A senhora Sparkler, uma vez instalada nos seus aposentos - um santuário de penas, de sedas, de chitas da Pérsia e outros finos tecidos -, sentiu que o seu triunfo, até ali, era absoluto. Ocupara os próprios aposentos da senhora Merdle, que haviam sofrido alguns retoques, para os tornar ainda mais dignos da sua nova ocupante. E enquanto se pavoneava por eles, rodeada de todos os acessórios que o luxo proporciona, via-se prestes a eclipsar e a destronar a sua rival. Feliz Fanny! estava-o decerto. Agora já não falava em querer morrer!

Na manhã seguinte, o senhor Merdle mandou aprontar a carruagem para ir apresentar os seus cumprimentos ao senhor Dorrit, que se instalara num hotel de Grosvenor Square. A carruagem cintilava, os cavalos resplandeciam, os arreios brilhavam uma equipagem digna de um Merdle! Os transeuntes matinais olhavam-no quando rolava pelas ruas e diziam, com voz cheia de respeito:

— Lá vai ele a passar!

A chegada do banqueiro pôs o hotel inteiro e o coração do senhor Dorrit num desassossego; e, contudo, o importante homem mostrou-se como sempre tímido e pouco à vontade. Mal conseguia manter conversa, não sabia o que dizer nem que fazer do seu corpo volumoso e desajeitado. Porém, encantou o senhor Dorrit, ao convidá-lo a sentar- se à sua mesa e ao pôr o seu banco à disposição: o senhor Dorrit explicou que viera, com efeito a Londres, para, muito em especial, velar pelos seus interesses; procurava um banco onde depositar a sua fortuna, a fim de a fazer aumentar. O senhor Merdle ofereceu-se então para se encarregar desses depósitos e para que partilhassem dos lucros dos seus brilhantes negócios, o que, bem entendido, o senhor Dorrit aceitou com alegria! Depois, dirigiram-se os dois à City, o que para o senhor Dorrit foi um encanto, percorrer Londres na carruagem do ilustre banqueiro, diante de quem todas as cabeças se descobriam.

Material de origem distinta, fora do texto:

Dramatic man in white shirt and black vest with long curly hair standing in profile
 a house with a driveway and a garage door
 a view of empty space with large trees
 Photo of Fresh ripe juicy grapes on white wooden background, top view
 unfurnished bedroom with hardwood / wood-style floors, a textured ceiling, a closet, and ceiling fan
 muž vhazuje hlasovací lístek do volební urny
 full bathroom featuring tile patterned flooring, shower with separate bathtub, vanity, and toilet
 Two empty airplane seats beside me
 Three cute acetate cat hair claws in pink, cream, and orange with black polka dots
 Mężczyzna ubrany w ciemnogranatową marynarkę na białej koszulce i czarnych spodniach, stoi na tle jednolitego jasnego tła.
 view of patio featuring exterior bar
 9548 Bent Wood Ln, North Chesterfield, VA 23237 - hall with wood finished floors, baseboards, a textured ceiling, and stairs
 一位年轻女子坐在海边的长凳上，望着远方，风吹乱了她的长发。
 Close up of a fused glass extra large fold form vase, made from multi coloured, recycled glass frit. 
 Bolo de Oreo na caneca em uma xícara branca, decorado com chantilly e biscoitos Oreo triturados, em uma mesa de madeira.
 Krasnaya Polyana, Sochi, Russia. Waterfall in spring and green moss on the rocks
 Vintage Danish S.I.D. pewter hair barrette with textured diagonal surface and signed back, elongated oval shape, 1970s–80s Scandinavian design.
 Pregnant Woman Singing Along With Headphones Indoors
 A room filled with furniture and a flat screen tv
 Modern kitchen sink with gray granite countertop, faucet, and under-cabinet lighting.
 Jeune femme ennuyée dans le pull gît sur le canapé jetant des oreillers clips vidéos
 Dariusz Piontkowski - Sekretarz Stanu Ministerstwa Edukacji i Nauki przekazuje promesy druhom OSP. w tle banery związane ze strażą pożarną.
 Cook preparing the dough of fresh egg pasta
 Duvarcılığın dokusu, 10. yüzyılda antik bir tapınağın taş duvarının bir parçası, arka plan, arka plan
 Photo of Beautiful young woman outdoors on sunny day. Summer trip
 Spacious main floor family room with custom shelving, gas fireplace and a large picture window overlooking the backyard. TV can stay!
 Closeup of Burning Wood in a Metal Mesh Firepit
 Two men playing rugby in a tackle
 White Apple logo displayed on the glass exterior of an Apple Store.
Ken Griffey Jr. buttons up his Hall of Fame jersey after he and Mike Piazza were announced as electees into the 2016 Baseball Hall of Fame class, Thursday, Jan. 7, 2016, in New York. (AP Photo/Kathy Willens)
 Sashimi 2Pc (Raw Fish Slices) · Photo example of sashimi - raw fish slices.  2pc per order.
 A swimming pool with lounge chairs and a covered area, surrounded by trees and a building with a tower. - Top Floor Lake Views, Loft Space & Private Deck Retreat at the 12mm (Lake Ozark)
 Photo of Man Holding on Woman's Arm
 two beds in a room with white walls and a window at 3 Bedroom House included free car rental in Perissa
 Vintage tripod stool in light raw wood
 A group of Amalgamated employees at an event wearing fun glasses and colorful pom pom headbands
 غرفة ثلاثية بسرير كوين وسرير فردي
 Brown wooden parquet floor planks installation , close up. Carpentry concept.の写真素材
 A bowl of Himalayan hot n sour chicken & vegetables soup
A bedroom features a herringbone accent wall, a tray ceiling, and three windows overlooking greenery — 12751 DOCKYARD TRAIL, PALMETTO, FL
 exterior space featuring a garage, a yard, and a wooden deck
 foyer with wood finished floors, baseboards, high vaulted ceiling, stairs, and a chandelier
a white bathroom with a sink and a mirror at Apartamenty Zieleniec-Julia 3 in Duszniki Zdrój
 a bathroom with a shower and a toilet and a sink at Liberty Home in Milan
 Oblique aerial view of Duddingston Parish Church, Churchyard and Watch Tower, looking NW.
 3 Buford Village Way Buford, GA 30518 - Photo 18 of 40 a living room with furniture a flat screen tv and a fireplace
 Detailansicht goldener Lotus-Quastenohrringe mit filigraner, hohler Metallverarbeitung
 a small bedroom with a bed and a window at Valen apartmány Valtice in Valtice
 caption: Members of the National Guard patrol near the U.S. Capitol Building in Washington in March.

À noite, jantou na Harley Street, no meio de uma brilhante sociedade, que cumulou o casamento da filha dos mais veneráveis cumprimentos. No dia imediato, no outro e em todos os dias que se seguiram, teve ensejo de assistir a novos jantares e os cartões de visita não deixaram de chover sobre o senhor Dorrit. De forma que o seu orgulho aumentava de hora para hora; a promoção social que fruía graças àquele casamento subia-lhe à cabeça.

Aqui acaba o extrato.